DON ARMSTRONG is a retired Associate Professor of Architecture from the Taylor School of Architecture and Construction Science at Tuskegee University, USA, where he published academic writings on design pedagogy and African American architecture.
Though Armstrong enjoyed researching these architectural topics, his scholarship took a radical turn when he re-discovered music critic Ralph J. Gleason, whom he had read as a young man. After publishing two academic papers on Gleason, he has now written the first biography of this pioneering music writer, The Life and Writings of Ralph J. Gleason: Dispatches from the Front.
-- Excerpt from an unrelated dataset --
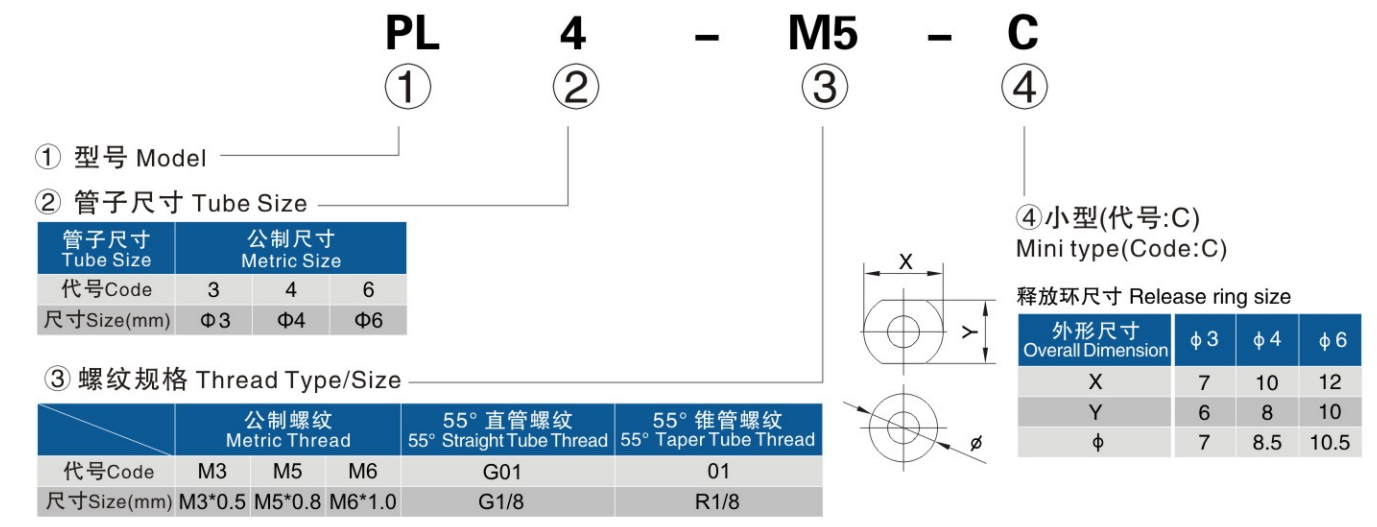 1756363022569409.png mini订购码(本系列通用项).png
In telling the story of this writer’s life and craft– the bells tolled finally for Gleason, all too early, aged 58 in 1975 – Armstrong draws on a number of exchanges with key media and music figures, including Rolling Stone founder Jann Wenner and critics Greil Marcus, Jon Landau, Joel Selvin, Ed Ward and Nat Hentoff plus jazz players John Handy and Sonny Rollins and rock stars Grace Slick and Jorma Kaukonen of the Jefferson Airplane.
Now a freelance writer and an independent scholar, Armstrong is also the creator of the Music Journalism History Facebook group, which provides an essential forum for leading music journalists and musicians and others in the music industry. He lives in coastal south Florida with his journalist wife Jessica.
The Life and Writings of Ralph J. Gleason is published by Bloomsbury this week in hardback. A paperback edition will follow in the summer. Rock and the Beat Generation was delighted to catch up with Don Armstrong with publication imminent…
I'm interested in exploring that complex nexus between the liberal city of San Francisco, jazz, the Beats, and eventually rock music. Ralph J.Gleason is an interested bystander in the case of all these topics, I think you'd agree…
Yes.
What was Gleason's attitude to the Beats? Here was a man born in 1917, around 40 as Ginsberg’s 'Howl' erupted in San Francisco as a performance, published poem, and celebrated trial. Did he have a take on the subject?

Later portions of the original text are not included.